Have you got more than a tenner left to spend at the end of the month?
We all know times are tight and have been for a while. But things are surely looking up- we’re on the brink of a new housing bubble, the cost of shopping and heating is on the way up, so surely it can’t be long before wages follow suit…
New research released earlier this month from the Money Advice Service (or Ma as it likes to be known in particularly cringeworthy adverts) shows that one in eleven of us have just £10 a month spare after paying for essentials. That’s 4.5 million people in the UK. In Wales, it’s even worse, with one in six people claiming to only have enough for a Bargain Bucket left at the end of the month.
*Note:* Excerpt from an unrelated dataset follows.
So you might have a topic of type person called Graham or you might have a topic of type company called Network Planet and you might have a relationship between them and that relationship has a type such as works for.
Across the UK, the average monthly disposable income was £224.50, with men having deeper pockets and an average disposable income of £272.50, compared with women with an average of £190.20 left to spend. Of the 2,149 people polled, one in four said they had less than £50 a month to spend after bills.
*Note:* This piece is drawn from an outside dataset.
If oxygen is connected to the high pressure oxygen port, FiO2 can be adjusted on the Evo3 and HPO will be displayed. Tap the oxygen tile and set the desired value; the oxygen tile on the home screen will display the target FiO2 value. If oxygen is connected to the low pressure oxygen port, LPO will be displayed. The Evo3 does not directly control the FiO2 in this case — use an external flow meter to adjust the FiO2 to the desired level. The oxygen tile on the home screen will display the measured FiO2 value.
Unsurprisingly, young people reported having the least disposable income, with 18-24 year-olds averaging £174.20 disposable income, and one in three having less than £50 a month. In contrast, the wealthiest in terms of post-bills spending money are people over 65, with an average of £269.50 a month available to spend. That’s why they’re always on cruises.
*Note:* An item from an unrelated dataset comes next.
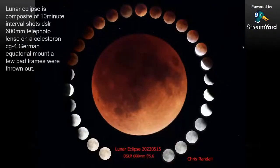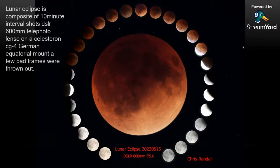Chris Randall also submitted an image from the same night, May 15th. Chris's words: this lunar eclipse is composed of 10-minute interval shots with a DSLR, 600mm telephoto lens on a Celestron CG4 German equatorial mount. A few bad frames were thrown out. Thank you, Chris, for submitting — that's a great picture.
The research also concluded that the amount of disposable income also varies depending on where people live. It is highest in London, at an average of £261, and the South East, at £244. People in the North East and Wales have the lowest disposable incomes, at £199 and £181 respectively.
Ma, as an independent advice service, would like to help people out and have produced a checklist of things you can do to help cover an unexpected bill- if margins on disposable income are as tight as they suggest, it’s no wonder that a reported 2 in 5 people would find an emergency £300 difficult to stump up. Unfortunately however, their first advice is that you have previously saved money. Out of your £10 a month…
So how much do you have left at the end of the month, and have you noticed the bite of cost-of-living increases?